After almost six years of heart-wrenching musical experimenting and two successful albums, you would think the boys of Mayday Parade might have something slightly happier to write about. Or perhaps, all the girls would get the picture and stop breaking their hearts. No such luck. Their third studio album, the eponymously titled Mayday Parade begins just as somberly as the last left off, leading me to believe that these poor guys just can’t catch a break.
Luckily, what sets the band apart from the countless other sad tortured artists of our time is their clear handle on the universal language of heartbreak. There’s the haunting lyric that keeps you playing their songs on repeat, trying to prolong that moment when your favorite line rolls by (My hero, she’s the last real dreamer I know). There’s the perfect melody that you can’t stop humming. It’s forty-five minutes of that unforgettable person you’re actively trying not to think about and obsessively mulling over. You know you love it.

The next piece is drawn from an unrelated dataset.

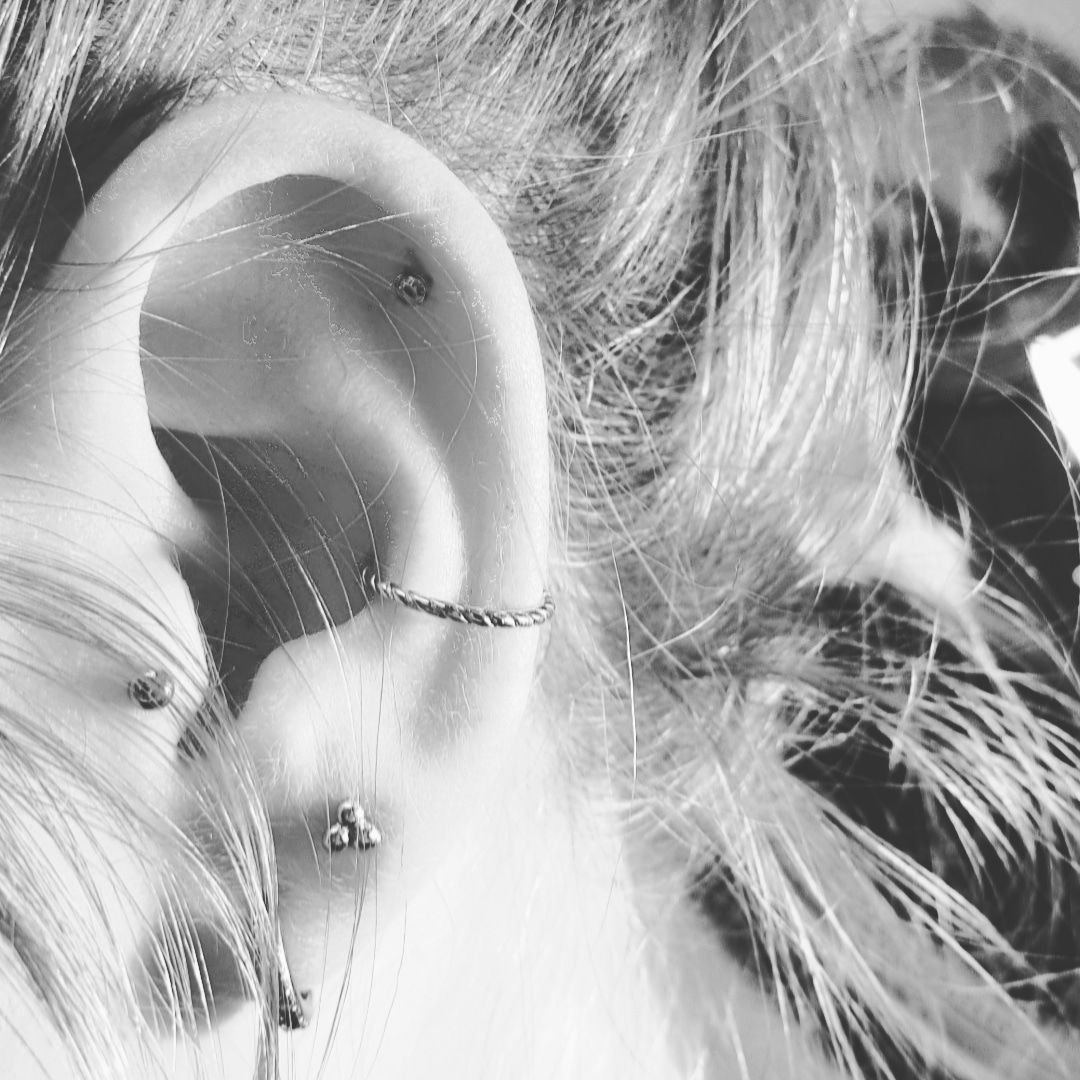 a woman's ear with a piercing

Responding to complaints of excessive contribution on their second album Anywhere But Here, Mayday Parade is written exclusively by the band. Much like their work in the past, Mayday Parade makes use of a lullaby-like melody and the crooning vocals that make your knees weak. The album features them at their best, notably, the hauntingly beautiful “Everything’s An Illusion” and keeps me coming back for more with the painfully relatable “When You See My Friends.”
However, comparable to many albums that dangle precariously on the edge of emotional rock, Mayday Parade has trouble keeping up the momentum and it shows. The album includes a couple boring ballads that fail to be offset by the only slightly more upbeat tracks. Yet, something about these boys keeps you listening over and over.
Overall, Mayday Parade continues to be the soundtrack of heartbreak and grief and they do it well. This album is the perfect companion for my hot mess of a love life, and you’ll probably feel the same way. Unfortunately without any emotional range I have to whether there’s ever a happy moment for these poor boys.
Definitely worth the listen and after that you’ll be hooked. Still, I can’t help wishing the rain would stop and these guys would get some sunshine. They might be just as poignant and relatable with a little bit of happiness.